Parecía sacado de una película de terror.
Sólo se nos permitía asistir al comedor con máscara y distancia social, para almorzar o cenar. No podíamos quedarnos hablando con nuestros compañeros ni caminar libremente por el barco.
«Al menos, esto era mejor que estar encerrado en habitaciones», pensé.
Así pasé una semana: del comedor al dormitorio.
Un día, las autoridades nos dejaron para dar un vuelta a la cubierta, respirar aire puro y caminar un poco por la pista que usualmente se utiliza para hacer deporte.
Aproveché para retratar la película fantasmal que vivía a bordo: Teatros sin gente, piscinas sin agua y gimnasios sin sesiones de rutinas, Casinos sin apostadores, máquinas de karaoke apagadas.
No escuché la típica risa borracha en los bares. La sala de juegos de los niños parecía un museo de juguetes abandonados.
El crucero perdió su alma, su esencia, su vida a bordo.
Una nacionalidad diferente estaba lista para ser repatriada de vez en cuando, y tenían que prepararse para partir.
En esos casos, tocábamos puerto en una ciudad de Estados Unidos, y los afortunados se bajaban allí mientras el resto esperaba.
Un día todos los tripulantes argentinos fueron convocados a una reunión. Sabía que iba a conseguir mi boleto dorado.
Estaba muy emocionada cuando nos informaron que nuestro vuelo de repatriación estaba listo.
Recuerdo el encuentro de los otros argentinos; estábamos felices y sonrientes por la buena noticia, aunque la aventura aún no había terminado.
Inevitablemente, lágrimas de emoción corrieron por mi mejilla al pensar en ese tan esperado abrazo con mis seres queridos tan pronto como pise mi tierra natal.
El barco tocó tierra y éramos la única nacionalidad que descendía ese día.
Habían pasado 80 días desde la última vez que dimos un paso al frente en tierra firme.
Todo iba bien hasta que nos subimos al avión y empezó a moverse por la pista.
Notamos que los motores se apagaron y el piloto nos dijo que una de las computadoras no estaba funcionando correctamente, que iban a intentarlo una vez más.
Después de varios intentos, nos informó que un técnico iba a revisar el problema.
Seis horas después, que el vuelo no despegaba y que buscarían otra alternativa. La angustia y la desesperación se hicieron visibles en el rostro de todos.
Parecía una broma de mal gusto. Después de 80 días en el mar, una falla en la computadora nos mantuvo, otra vez, alejados de nuestras familias.
Por suerte, nos comunicamos con un representante de la embajada argentina que trabaja para completar nuestro regreso.
Después de unas horas de espera, las autoridades nos dijeron que volaríamos en otro avión más pequeño, con un viaje más extenso.
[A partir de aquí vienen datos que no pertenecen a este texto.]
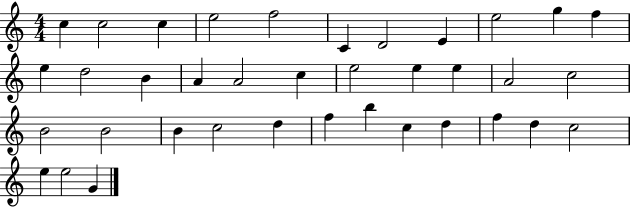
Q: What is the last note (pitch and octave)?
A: G4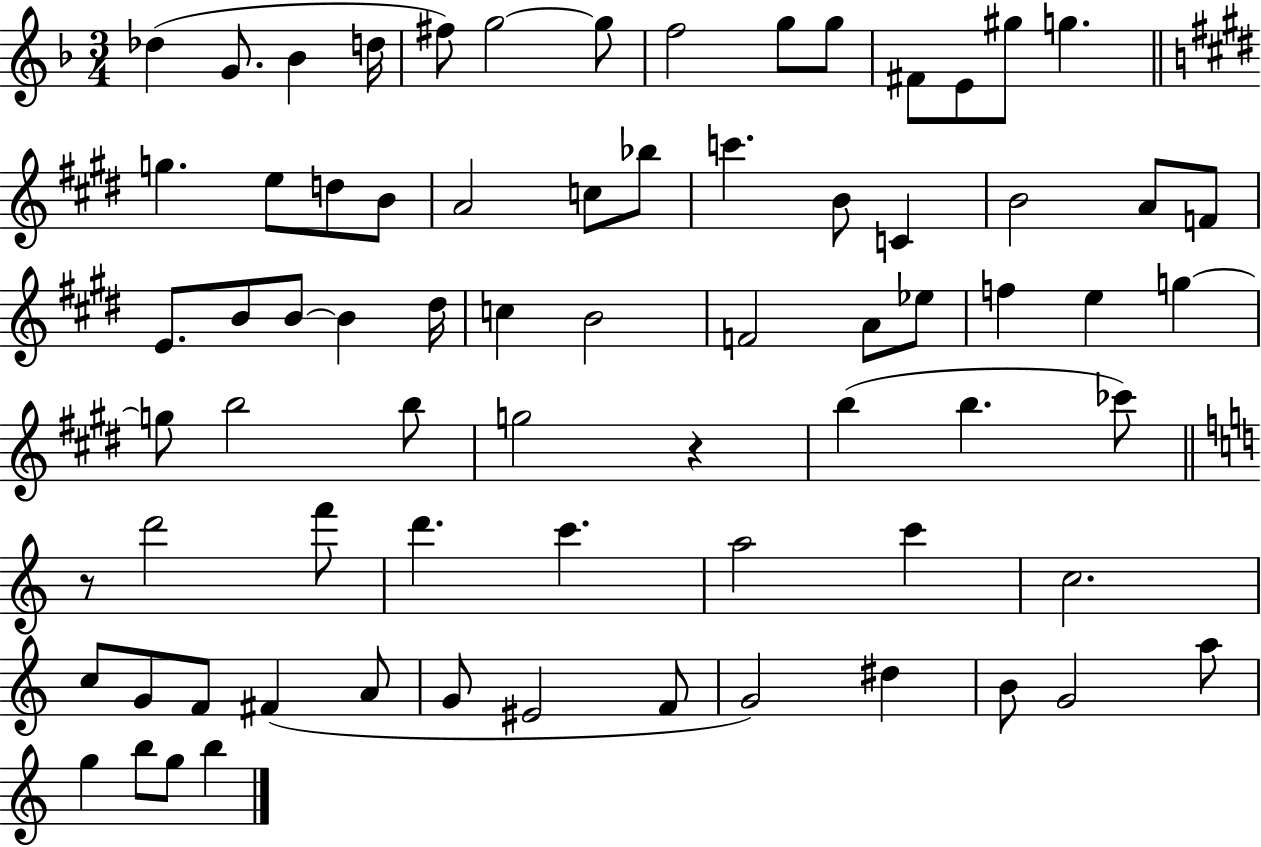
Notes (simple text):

Finalmente, nuestro segundo intento salió a la 1 a.m., cuatro horas después. No habíamos comido y tuvimos dos paradas en Brasil para cargar combustible.
Finalmente, llegamos a Buenos Aires el mediodía del 3 de junio.
Al llegar, estaba desesperada por bajar del avión y correr a casa. Dos horas después de aterrizar, llegué a mi casa. La felicidad invadió mi cuerpo.
Pude ver a mi familia que tanto había extrañado en estos largos 10 meses fuera de casa.
Nos fundimos en un abrazo eterno lleno de lágrimas y emoción.
Fue una aventura que nunca pensé vivir y aunque no me gustaría repetirla, me sirvió de experiencia saber que soy más fuerte de lo que pensaba.